# Task to carry out
Every record that follows must be duplicated exactly, with images left out.

········

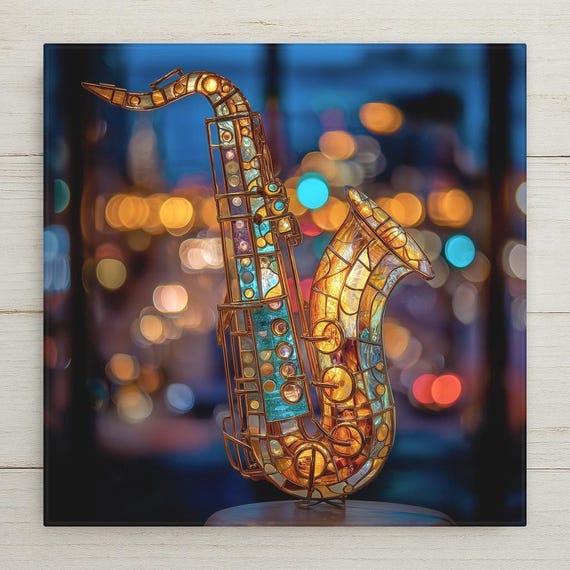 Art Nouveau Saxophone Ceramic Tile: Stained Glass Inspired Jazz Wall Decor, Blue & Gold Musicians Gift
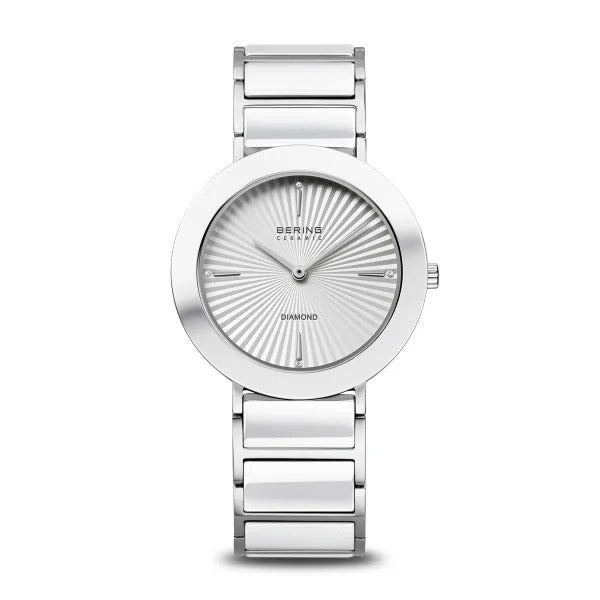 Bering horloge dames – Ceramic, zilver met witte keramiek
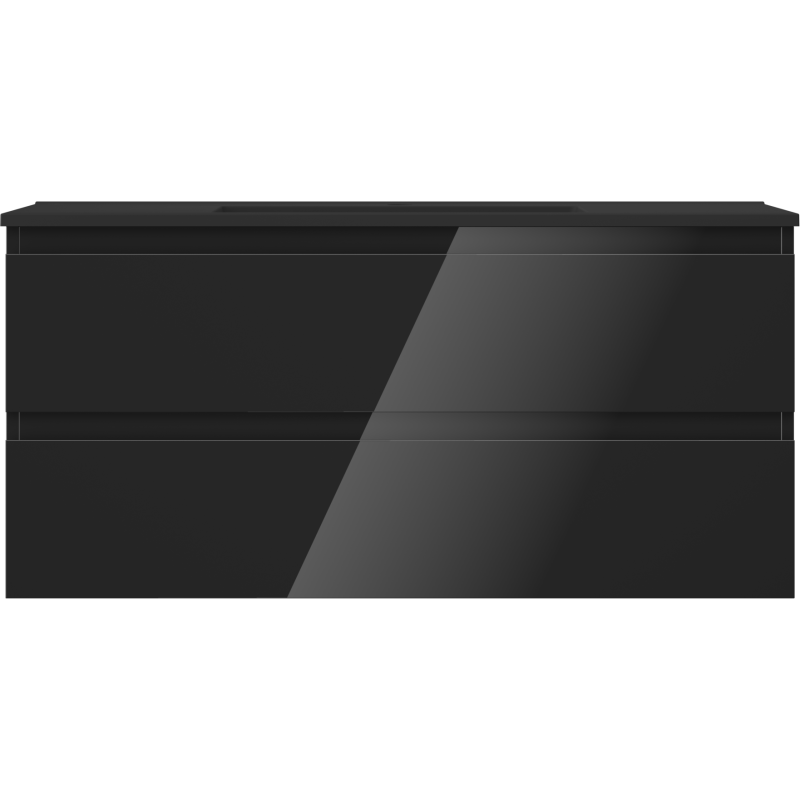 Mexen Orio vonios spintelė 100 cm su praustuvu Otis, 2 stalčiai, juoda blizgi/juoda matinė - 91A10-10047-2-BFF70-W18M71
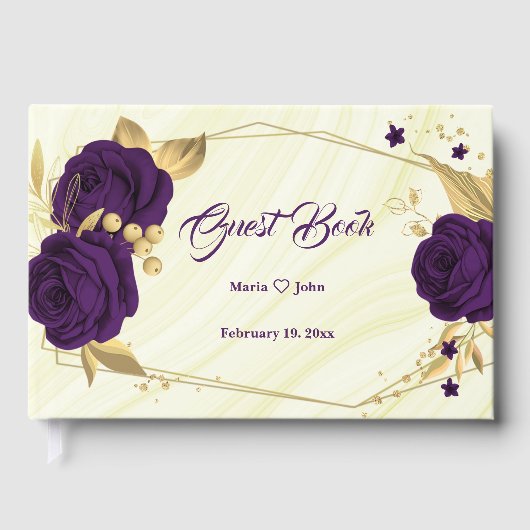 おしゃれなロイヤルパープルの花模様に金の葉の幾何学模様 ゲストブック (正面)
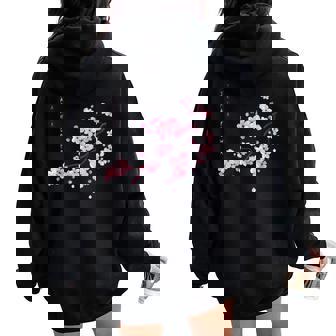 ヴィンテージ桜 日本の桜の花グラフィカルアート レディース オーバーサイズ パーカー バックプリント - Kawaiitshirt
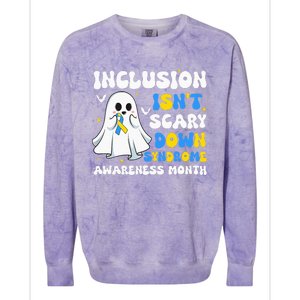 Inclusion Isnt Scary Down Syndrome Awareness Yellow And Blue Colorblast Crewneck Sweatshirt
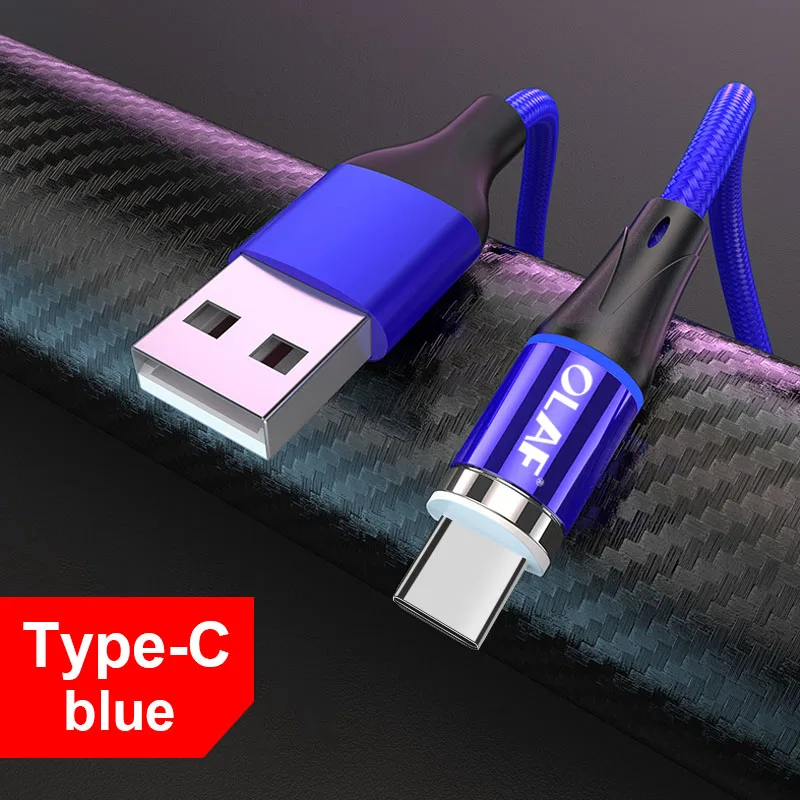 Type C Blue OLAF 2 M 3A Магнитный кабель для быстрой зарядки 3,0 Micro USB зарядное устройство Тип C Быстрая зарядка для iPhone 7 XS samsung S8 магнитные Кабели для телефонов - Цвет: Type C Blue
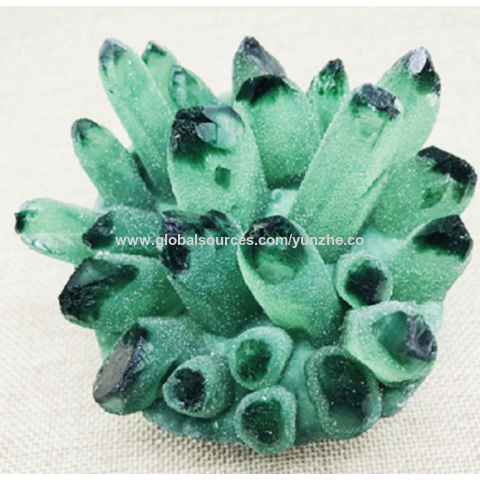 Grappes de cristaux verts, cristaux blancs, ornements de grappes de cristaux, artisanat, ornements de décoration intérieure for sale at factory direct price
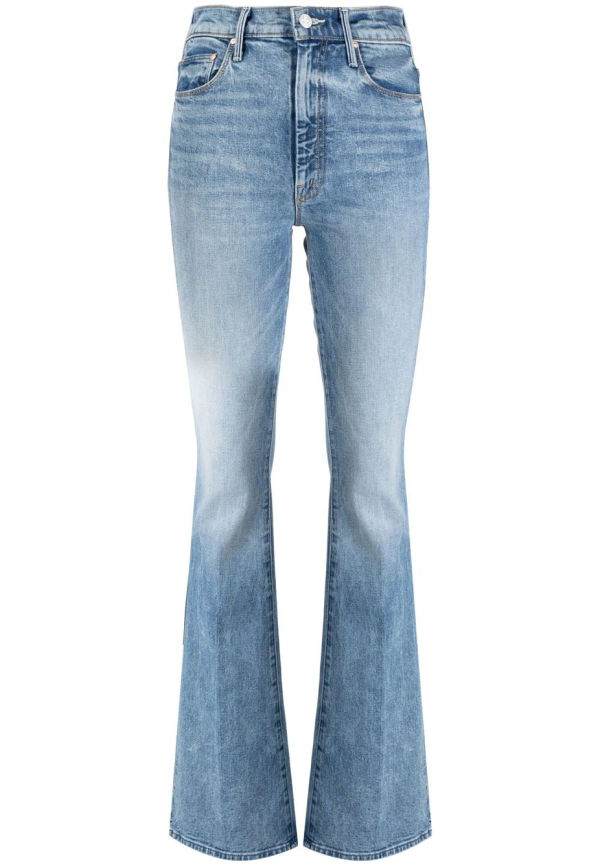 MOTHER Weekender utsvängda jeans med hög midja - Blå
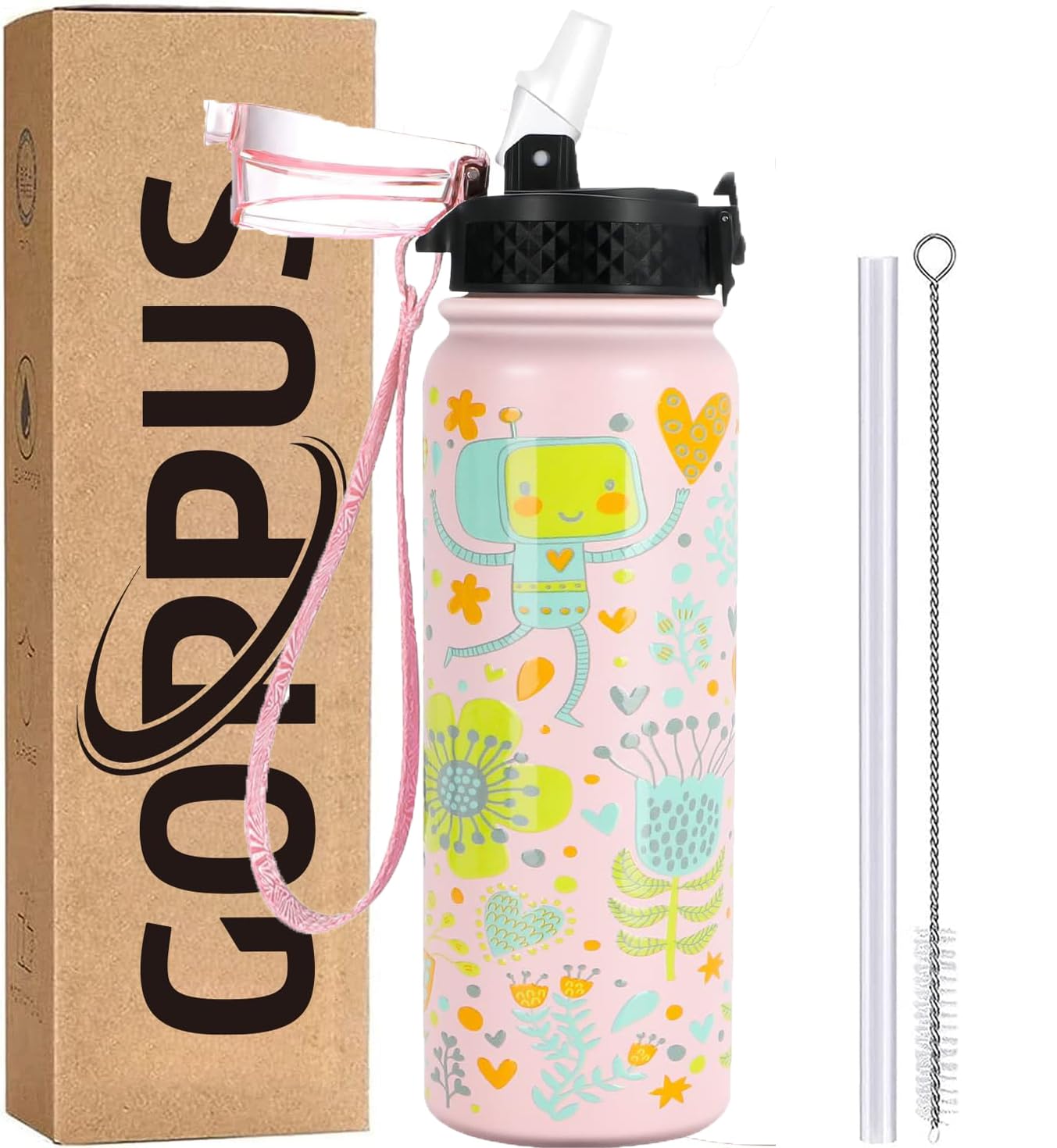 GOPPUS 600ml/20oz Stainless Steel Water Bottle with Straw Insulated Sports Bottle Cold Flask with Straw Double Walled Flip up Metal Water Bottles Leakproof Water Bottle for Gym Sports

········

# Solution to the problem
 Art Nouveau Saxophone Ceramic Tile: Stained Glass Inspired Jazz Wall Decor, Blue & Gold Musicians Gift
 Bering horloge dames – Ceramic, zilver met witte keramiek
 Mexen Orio vonios spintelė 100 cm su praustuvu Otis, 2 stalčiai, juoda blizgi/juoda matinė - 91A10-10047-2-BFF70-W18M71
 おしゃれなロイヤルパープルの花模様に金の葉の幾何学模様 ゲストブック (正面)
 ヴィンテージ桜 日本の桜の花グラフィカルアート レディース オーバーサイズ パーカー バックプリント - Kawaiitshirt
 Inclusion Isnt Scary Down Syndrome Awareness Yellow And Blue Colorblast Crewneck Sweatshirt
 Type C Blue OLAF 2 M 3A Магнитный кабель для быстрой зарядки 3,0 Micro USB зарядное устройство Тип C Быстрая зарядка для iPhone 7 XS samsung S8 магнитные Кабели для телефонов - Цвет: Type C Blue
 Grappes de cristaux verts, cristaux blancs, ornements de grappes de cristaux, artisanat, ornements de décoration intérieure for sale at factory direct price
 MOTHER Weekender utsvängda jeans med hög midja - Blå
 GOPPUS 600ml/20oz Stainless Steel Water Bottle with Straw Insulated Sports Bottle Cold Flask with Straw Double Walled Flip up Metal Water Bottles Leakproof Water Bottle for Gym Sports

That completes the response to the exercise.